● The task: Copy the data below exactly, but not the pictures it contains.

● Material provided:
◆ ◆ ◆ ◆ ◆
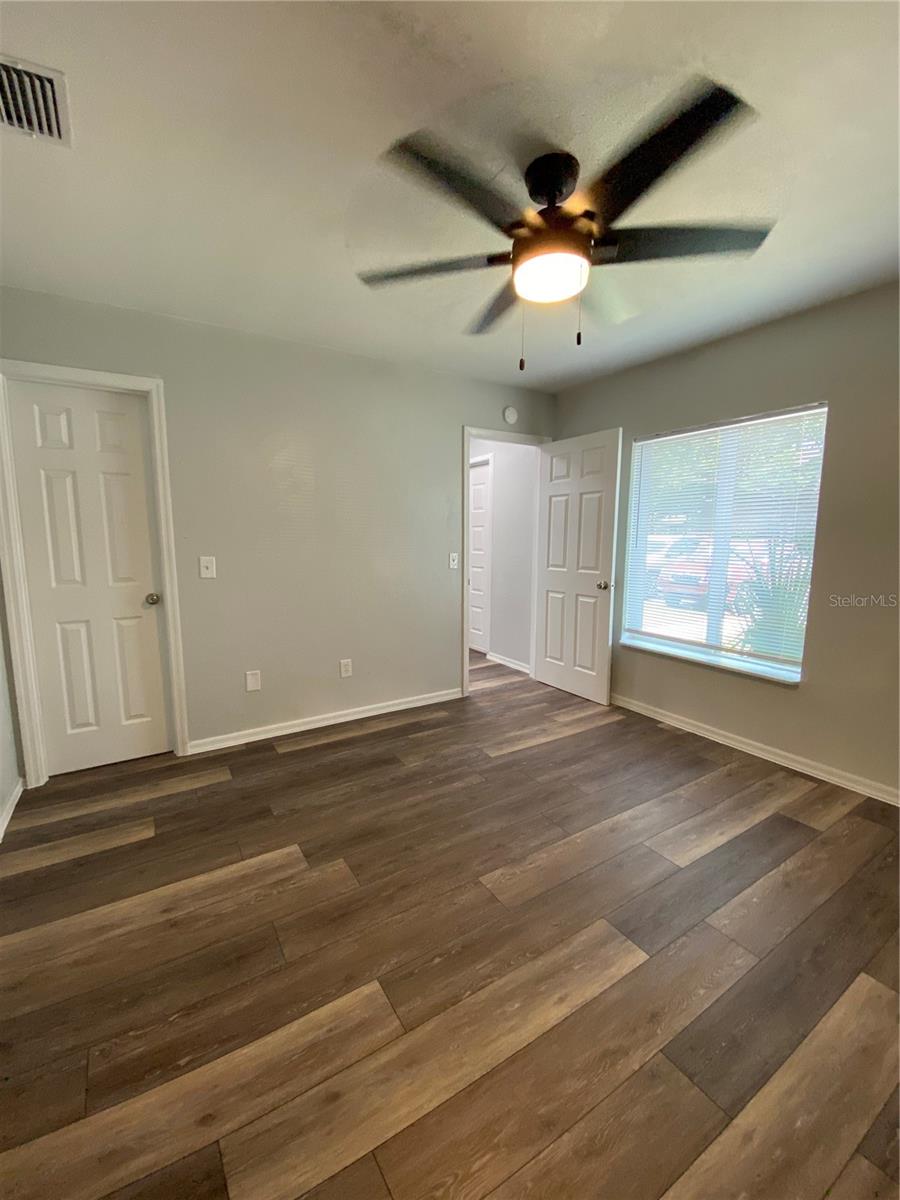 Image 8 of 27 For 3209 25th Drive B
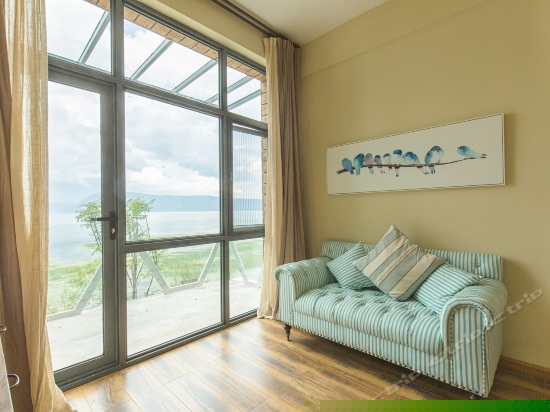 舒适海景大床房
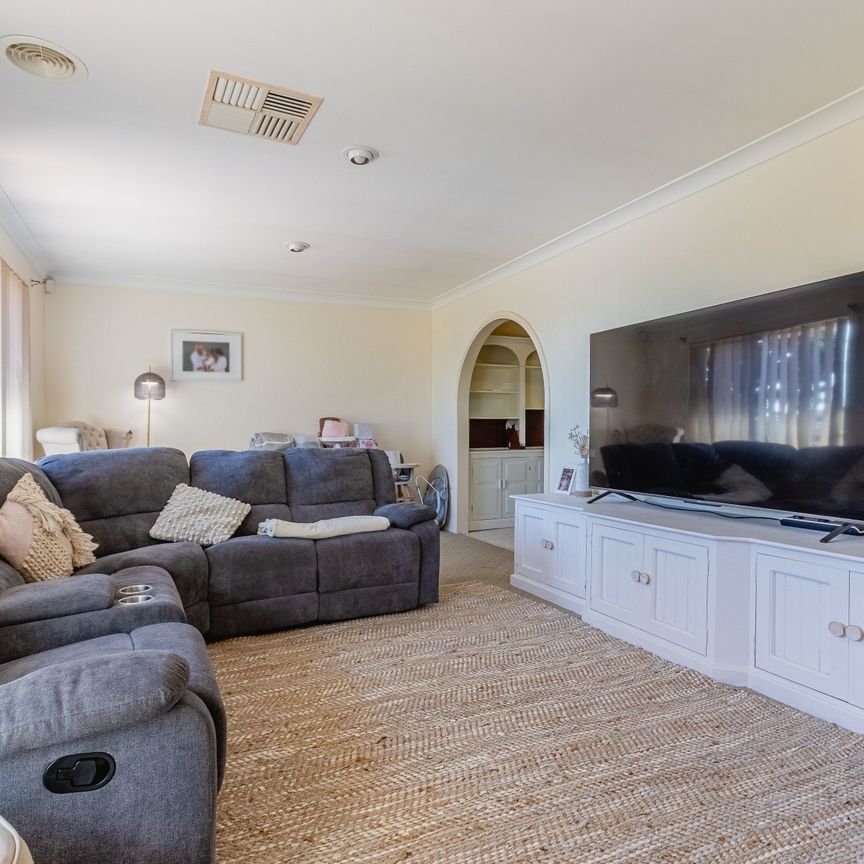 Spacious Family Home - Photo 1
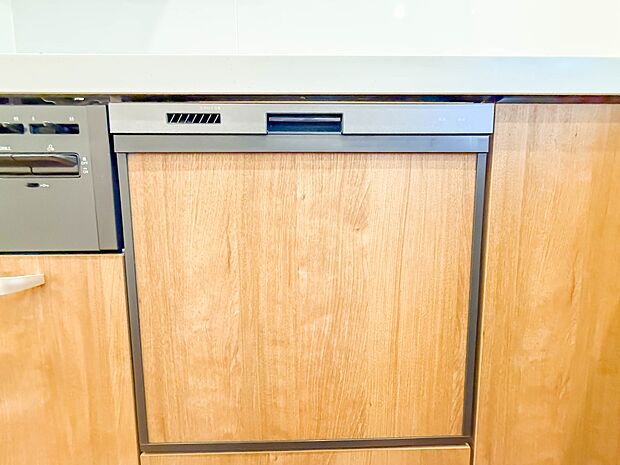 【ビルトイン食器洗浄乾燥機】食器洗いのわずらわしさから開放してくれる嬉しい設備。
◆ ◆ ◆ ◆ ◆
● Task output:
 Image 8 of 27 For 3209 25th Drive B
 舒适海景大床房
 Spacious Family Home - Photo 1
 【ビルトイン食器洗浄乾燥機】食器洗いのわずらわしさから開放してくれる嬉しい設備。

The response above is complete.